Hoellen Willens, of Chicago (Sherwin Willens, of counsel), for appellees.
In an action for libel, summary judgment was entered for the defendants and plaintiff appeals on the ground that the pleadings present a genuine issue of fact which should have been tried. Plaintiff is a former patrolman in the employ of the Police Department of the village of Skokie, a suburb of Chicago. The charge of libel is based on an article printed in the September 17, 1964, edition of the "Skokie News," a weekly newspaper circulated principally in Skokie. It was owned and published by the corporate defendant and Moore. Sanders, who was a defendant and whose name appears in the title of the briefs, was not included in the notice of appeal and is not therefore a party to this appeal. The text of the article follows:
"Fire Coursey, Tell of Girl's Lie Test.
"The teenage girl responsible for having several charges leveled against Skokie Ptm.
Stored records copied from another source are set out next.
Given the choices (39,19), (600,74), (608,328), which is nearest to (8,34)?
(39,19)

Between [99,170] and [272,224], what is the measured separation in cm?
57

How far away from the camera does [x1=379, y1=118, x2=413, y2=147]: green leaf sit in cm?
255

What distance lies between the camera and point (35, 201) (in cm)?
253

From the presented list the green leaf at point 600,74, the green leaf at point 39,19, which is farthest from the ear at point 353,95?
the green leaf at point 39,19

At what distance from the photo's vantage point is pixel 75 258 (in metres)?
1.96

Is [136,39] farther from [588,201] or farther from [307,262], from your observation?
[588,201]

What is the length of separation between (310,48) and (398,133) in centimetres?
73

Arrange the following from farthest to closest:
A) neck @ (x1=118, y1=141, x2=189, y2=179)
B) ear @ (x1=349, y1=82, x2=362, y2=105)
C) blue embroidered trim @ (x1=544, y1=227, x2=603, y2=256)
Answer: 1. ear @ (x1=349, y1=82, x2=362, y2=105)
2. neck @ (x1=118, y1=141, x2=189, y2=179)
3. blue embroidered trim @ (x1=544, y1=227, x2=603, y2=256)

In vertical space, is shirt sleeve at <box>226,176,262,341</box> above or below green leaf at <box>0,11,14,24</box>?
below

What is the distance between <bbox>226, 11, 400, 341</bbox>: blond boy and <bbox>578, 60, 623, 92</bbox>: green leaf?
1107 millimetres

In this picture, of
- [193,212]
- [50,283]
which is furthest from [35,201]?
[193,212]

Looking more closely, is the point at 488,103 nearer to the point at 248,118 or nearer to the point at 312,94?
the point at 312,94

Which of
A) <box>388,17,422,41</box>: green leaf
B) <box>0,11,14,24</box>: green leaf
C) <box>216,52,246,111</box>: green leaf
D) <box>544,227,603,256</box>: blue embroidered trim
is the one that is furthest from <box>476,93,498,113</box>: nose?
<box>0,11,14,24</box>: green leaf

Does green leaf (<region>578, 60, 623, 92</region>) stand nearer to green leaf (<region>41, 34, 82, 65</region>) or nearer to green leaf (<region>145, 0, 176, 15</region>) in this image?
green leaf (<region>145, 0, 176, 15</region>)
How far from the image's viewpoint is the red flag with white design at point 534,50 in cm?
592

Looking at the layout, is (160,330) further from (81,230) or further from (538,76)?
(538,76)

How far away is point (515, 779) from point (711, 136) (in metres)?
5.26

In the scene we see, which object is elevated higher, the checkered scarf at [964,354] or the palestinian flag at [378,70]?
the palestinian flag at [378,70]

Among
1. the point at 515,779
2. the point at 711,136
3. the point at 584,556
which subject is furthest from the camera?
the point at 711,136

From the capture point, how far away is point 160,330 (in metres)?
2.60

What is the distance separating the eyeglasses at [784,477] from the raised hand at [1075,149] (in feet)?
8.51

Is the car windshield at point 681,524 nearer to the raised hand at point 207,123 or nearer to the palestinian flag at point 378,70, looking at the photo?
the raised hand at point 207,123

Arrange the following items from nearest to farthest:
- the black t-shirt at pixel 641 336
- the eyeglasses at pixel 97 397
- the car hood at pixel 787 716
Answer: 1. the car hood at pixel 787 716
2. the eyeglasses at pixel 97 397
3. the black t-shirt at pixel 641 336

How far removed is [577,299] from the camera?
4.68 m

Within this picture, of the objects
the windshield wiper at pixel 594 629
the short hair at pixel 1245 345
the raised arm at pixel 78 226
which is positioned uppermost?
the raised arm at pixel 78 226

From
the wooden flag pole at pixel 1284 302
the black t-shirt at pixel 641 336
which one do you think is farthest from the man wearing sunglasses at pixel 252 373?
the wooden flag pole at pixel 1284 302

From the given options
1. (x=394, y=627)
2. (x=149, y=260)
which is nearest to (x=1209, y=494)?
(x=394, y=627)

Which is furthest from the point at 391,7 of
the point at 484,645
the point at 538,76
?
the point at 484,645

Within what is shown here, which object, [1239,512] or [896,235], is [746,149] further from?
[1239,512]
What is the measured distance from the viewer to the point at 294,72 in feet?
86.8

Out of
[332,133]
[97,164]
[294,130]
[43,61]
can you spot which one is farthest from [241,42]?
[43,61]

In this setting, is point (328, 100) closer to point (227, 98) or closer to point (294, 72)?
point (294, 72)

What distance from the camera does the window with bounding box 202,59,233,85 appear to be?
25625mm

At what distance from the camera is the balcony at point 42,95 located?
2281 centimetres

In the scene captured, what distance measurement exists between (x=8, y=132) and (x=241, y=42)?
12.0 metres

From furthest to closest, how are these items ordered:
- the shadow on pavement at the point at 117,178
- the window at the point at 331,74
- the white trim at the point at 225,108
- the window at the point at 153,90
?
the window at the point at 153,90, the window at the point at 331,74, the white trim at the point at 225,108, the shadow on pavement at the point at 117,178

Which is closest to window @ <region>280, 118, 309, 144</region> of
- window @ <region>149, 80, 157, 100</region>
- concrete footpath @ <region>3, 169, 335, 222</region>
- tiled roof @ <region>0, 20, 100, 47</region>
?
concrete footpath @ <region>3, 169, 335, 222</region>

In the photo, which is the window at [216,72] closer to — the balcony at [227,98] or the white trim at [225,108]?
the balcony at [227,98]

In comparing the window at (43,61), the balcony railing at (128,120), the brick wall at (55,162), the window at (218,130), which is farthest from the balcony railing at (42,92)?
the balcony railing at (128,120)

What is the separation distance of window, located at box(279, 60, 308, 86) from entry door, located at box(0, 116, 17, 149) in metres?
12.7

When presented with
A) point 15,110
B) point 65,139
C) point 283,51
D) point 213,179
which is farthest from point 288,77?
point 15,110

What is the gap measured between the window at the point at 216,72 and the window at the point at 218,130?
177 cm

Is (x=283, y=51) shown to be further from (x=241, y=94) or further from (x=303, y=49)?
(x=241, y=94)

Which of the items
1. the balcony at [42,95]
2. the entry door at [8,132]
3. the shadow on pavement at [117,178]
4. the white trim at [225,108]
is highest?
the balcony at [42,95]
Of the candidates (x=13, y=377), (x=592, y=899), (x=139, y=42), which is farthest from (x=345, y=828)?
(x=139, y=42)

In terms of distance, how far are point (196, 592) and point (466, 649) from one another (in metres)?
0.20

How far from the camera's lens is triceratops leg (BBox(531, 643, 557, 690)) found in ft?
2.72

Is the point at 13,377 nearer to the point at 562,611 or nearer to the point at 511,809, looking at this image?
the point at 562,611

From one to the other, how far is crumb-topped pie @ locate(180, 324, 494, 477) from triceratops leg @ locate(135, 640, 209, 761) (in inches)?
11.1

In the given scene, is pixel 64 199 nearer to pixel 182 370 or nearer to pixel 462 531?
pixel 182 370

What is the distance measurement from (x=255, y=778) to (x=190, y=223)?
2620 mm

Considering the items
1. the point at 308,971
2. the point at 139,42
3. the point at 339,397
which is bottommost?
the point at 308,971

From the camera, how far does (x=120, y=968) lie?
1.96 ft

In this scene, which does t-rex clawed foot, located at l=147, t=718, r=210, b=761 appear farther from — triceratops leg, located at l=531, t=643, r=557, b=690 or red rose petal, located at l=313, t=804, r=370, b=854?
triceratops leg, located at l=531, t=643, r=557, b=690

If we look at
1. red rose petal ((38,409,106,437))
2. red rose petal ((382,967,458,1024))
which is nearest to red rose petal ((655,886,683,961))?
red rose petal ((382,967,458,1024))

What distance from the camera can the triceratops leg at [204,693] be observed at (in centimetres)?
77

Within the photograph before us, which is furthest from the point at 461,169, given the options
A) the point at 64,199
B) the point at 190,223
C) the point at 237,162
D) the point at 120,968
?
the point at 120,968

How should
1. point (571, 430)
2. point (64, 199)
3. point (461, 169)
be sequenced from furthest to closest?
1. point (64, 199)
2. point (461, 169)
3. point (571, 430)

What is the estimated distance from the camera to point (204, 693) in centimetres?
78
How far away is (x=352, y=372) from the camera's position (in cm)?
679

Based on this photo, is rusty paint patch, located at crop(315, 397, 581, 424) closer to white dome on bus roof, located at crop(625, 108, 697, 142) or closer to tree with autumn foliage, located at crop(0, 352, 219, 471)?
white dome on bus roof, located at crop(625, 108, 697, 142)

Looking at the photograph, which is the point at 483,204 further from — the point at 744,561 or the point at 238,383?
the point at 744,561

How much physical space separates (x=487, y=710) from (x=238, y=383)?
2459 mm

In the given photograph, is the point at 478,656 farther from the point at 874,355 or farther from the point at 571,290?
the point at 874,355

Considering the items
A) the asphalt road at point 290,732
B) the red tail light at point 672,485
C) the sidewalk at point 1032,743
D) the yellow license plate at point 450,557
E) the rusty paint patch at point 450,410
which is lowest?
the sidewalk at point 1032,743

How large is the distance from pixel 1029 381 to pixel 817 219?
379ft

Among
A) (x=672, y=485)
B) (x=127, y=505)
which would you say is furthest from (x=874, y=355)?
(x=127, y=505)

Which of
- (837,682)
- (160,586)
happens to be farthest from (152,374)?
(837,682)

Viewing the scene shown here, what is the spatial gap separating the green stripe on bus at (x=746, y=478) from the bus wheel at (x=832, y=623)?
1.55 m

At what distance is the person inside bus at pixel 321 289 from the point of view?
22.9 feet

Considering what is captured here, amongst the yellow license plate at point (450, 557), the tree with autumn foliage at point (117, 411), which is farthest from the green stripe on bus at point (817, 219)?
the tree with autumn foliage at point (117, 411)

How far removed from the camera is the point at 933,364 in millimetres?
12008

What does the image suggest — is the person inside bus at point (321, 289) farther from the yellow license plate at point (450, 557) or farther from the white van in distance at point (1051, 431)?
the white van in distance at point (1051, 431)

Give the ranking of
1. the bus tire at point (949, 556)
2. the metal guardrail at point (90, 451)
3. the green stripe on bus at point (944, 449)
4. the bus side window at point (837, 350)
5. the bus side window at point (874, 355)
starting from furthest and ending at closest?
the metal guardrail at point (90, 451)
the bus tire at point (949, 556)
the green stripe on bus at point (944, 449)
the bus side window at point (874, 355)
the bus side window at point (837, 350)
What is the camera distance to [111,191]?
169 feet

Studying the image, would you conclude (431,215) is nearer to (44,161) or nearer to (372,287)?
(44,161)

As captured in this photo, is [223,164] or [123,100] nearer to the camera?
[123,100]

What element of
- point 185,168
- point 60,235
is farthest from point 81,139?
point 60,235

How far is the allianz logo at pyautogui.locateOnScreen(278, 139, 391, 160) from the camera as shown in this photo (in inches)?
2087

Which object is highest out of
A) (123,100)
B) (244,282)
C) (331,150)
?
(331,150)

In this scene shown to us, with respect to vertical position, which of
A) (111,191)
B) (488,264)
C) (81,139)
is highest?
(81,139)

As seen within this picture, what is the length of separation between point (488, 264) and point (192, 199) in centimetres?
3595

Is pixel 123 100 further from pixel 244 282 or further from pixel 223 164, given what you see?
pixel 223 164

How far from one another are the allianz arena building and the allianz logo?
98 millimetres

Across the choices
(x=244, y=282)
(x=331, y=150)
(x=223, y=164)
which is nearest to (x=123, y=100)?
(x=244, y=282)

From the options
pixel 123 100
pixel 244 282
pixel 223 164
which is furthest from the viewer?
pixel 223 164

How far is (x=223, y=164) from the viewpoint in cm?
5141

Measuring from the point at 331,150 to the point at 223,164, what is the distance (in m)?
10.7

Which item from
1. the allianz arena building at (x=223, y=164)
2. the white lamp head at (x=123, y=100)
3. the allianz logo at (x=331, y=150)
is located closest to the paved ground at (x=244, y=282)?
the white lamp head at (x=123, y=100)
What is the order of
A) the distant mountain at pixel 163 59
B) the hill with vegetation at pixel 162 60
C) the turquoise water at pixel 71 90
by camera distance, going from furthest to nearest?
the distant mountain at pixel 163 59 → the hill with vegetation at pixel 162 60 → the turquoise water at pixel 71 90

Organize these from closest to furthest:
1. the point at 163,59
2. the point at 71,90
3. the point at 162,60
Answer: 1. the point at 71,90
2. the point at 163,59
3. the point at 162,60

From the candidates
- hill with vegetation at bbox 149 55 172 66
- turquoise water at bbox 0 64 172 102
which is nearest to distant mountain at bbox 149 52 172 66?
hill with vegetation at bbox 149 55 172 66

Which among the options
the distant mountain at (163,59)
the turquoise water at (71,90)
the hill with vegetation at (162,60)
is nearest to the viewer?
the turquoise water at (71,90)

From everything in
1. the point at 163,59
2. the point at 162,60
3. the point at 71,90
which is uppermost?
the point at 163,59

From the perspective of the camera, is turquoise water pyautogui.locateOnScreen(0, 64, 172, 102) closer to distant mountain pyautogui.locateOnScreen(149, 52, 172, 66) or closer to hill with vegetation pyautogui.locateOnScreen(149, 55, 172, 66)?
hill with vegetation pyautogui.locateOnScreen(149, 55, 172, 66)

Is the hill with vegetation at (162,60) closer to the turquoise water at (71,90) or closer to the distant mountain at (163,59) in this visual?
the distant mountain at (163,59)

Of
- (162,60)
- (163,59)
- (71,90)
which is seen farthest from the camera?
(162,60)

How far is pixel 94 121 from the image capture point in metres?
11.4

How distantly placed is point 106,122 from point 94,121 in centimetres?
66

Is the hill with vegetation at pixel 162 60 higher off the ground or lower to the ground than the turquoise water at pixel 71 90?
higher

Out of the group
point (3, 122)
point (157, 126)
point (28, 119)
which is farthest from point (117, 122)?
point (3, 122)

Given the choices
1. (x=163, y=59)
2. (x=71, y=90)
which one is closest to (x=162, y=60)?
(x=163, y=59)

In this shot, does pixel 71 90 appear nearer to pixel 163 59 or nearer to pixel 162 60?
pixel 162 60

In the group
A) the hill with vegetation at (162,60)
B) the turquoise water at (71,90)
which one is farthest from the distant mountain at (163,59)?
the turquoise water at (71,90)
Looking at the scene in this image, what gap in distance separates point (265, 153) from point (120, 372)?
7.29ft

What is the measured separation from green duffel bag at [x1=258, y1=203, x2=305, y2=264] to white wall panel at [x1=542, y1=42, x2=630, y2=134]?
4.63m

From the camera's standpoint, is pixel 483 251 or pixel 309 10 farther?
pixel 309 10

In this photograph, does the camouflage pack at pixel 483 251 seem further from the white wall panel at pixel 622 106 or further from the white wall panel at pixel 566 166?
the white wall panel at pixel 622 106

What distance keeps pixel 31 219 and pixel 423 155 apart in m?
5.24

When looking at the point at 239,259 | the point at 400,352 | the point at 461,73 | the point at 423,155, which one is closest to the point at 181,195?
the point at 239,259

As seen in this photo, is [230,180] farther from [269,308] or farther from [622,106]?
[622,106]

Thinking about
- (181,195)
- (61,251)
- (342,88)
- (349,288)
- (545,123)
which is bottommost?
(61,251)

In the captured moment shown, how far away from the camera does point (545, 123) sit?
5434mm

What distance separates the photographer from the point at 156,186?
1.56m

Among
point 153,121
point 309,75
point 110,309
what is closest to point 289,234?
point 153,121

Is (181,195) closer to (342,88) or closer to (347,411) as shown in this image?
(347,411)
William Coursey did take a lie detector test — and passed it with `flying colors' — one day last week, reports Corporation Counsel Marvin Glink.
"This was not made public, however, until after the fire and police commission last Wednesday found Coursey guilty of all charges and ordered him discharged from the department.
"Coursey had been charged with unbecoming conduct, leaving his beat, leaving the village (both without permission) and failure to carry out a direct order.
"The commission's formal decision is not expected to be published until early next week, according to chairman Anthony Ross, who, incidentally, will be re-appointed to a new three year term by Mayor Greisdorf very shortly.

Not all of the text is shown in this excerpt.